→ **Work task**
Only the lines from the one holding "Vintage-Wanduhr aus MDF" to the end of the data should be echoed, exactly as they appear, minus the pictures.

→ **Supplied information**
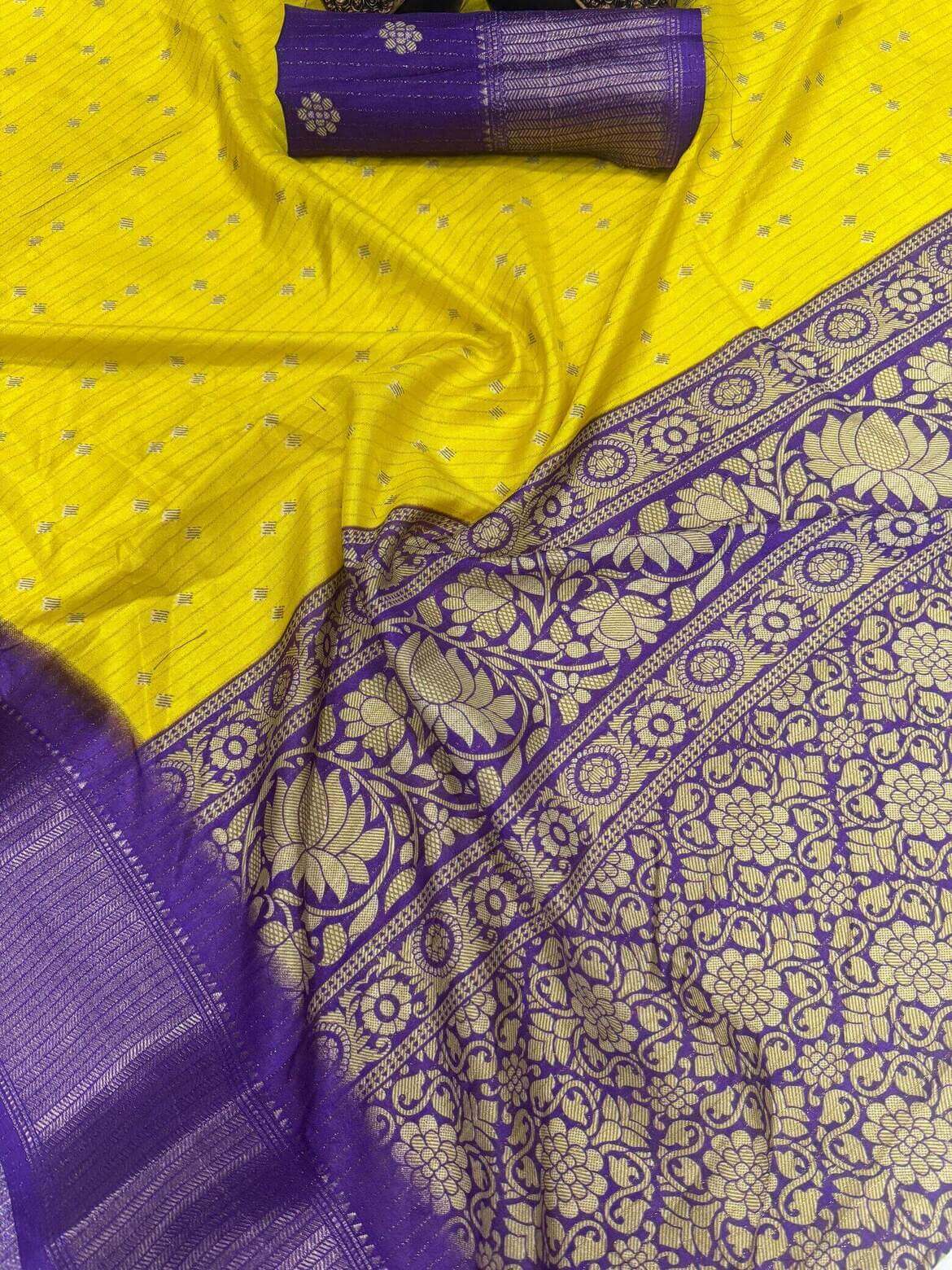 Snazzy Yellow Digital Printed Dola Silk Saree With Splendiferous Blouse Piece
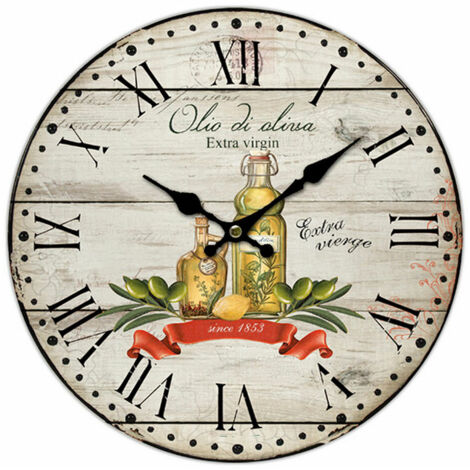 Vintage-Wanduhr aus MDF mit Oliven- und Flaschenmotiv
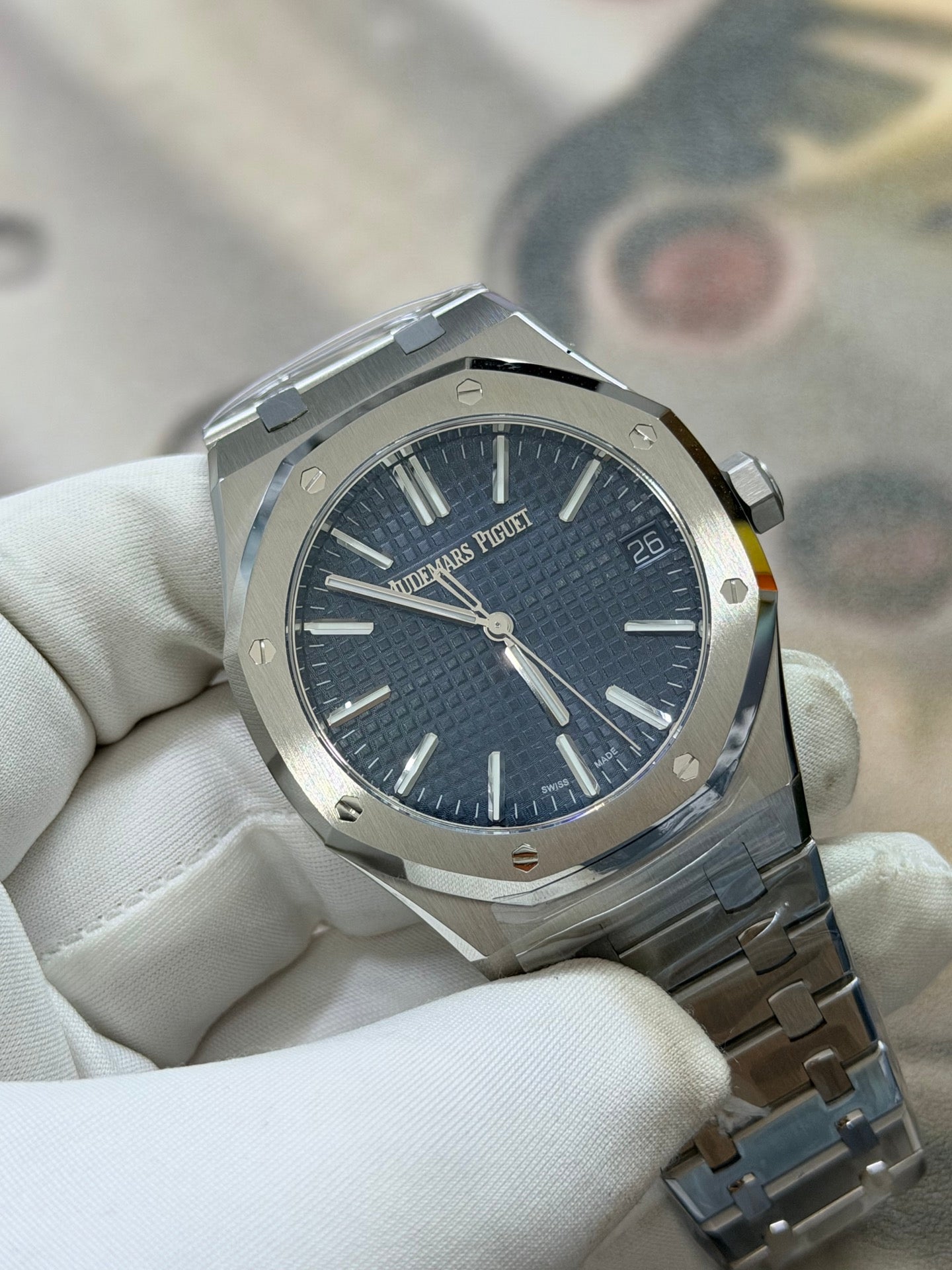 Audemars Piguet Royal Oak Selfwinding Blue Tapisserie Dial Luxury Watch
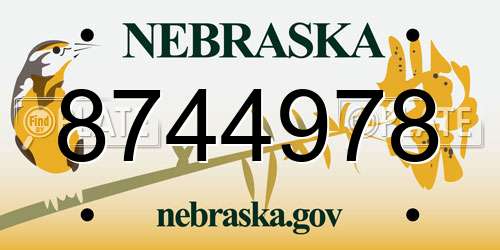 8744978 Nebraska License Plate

→ **Answer section**
 Vintage-Wanduhr aus MDF mit Oliven- und Flaschenmotiv
 Audemars Piguet Royal Oak Selfwinding Blue Tapisserie Dial Luxury Watch
 8744978 Nebraska License Plate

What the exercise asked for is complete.